Shadow drops the black bird into the bag and says, “If I wanted to kill it, it would be dead already, orc.”
“I wasn’t certain if you knew the trick to defeating them,” Wranth growls.
I raise my hand. “I sure don’t know it, but I want to.” Because anything that can stop that horrible lethargy is knowledge worth having.
“If you kill an individual bird, it does nothing to stop the sluagh at the heart of the flock.” Wranth clamps the top of the bag closed and looks at me. “But if you trap one, it incapacitates them all.”
“Not all.” I point to where another group of the birds spiral towards the ground.
“That’s a different sluagh.” Wranth ties the top of the bag closed and shoves it into my hands. “Keep hold of this one to keep it trapped. If you drop it, the rest of its flock will be free to attack.”
“But it’s in a bag!”
“Magic has its own logic.” He gives a shrug. “It only seems to work if someone holds the trapped bird.”
“Put it in my saddlebag.” Zephyr trots over. “That’ll count as me holding it.”
“Got it.” I shove it into the closest pack and close the top. Then I trace a finger around the vicious bite on her shoulder. “Are you okay?”
“I’m better than okay.” She brandishes her horn, which is covered in green blood. “I’m victorious. And I’ll heal quickly—that’s part of unicorn magic.”
An angry shriek jerks all of our attention toward the river.
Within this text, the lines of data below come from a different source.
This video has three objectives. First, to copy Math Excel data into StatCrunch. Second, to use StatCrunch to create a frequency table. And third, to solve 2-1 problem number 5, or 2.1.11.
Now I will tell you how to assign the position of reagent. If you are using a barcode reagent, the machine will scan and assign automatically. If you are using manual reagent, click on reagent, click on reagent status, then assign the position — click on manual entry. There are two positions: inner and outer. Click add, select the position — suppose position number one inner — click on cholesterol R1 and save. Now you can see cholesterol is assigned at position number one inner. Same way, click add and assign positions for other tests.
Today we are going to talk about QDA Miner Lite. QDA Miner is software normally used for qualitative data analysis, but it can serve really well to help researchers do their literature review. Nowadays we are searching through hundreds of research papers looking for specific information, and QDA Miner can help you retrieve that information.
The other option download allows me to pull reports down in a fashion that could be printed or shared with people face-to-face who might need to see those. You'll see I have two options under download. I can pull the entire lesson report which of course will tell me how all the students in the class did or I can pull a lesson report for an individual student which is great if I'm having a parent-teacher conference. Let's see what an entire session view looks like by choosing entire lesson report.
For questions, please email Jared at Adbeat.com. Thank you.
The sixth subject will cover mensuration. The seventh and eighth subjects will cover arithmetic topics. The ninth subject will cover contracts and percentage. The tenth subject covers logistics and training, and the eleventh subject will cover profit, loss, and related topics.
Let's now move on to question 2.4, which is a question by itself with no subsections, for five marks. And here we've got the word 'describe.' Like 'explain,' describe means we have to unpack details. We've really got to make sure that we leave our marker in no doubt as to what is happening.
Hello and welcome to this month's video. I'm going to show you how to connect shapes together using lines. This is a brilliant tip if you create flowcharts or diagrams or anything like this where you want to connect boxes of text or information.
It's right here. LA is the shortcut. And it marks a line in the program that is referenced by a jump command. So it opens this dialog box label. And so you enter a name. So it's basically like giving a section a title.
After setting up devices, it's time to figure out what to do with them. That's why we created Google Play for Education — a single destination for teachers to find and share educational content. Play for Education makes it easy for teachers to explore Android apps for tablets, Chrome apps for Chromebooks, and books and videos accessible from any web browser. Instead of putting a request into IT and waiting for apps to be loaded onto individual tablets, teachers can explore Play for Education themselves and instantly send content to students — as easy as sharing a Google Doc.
While one cloud of birds hangs over my head, wings flapping in eerie unison, the other flock reaches the river bank, near where the two defeated kelpies lie still. Instead of settling on the ground, the birds fly closer and closer together. They should hit each other, but instead they…
“What the hell?” I breathe.
The birds touch and freakingmeld, joining together in a mass of wings that forms into a humanoid figure wrapped in a tattered black cloak with a heavy hood. Red eyes blaze from a dark-gray face, the surface of which seethes with the constant motion of a hundred fluttering wings.
“Oh, god,” I say. “Why is it doing that?”
“It’s the soul stealer’s victims,” Wranth growls, his hand tightening on his sword hilt until his knuckles go light green, and his entire body thrums with tension. “Each wants to get away, yet each remains trapped.”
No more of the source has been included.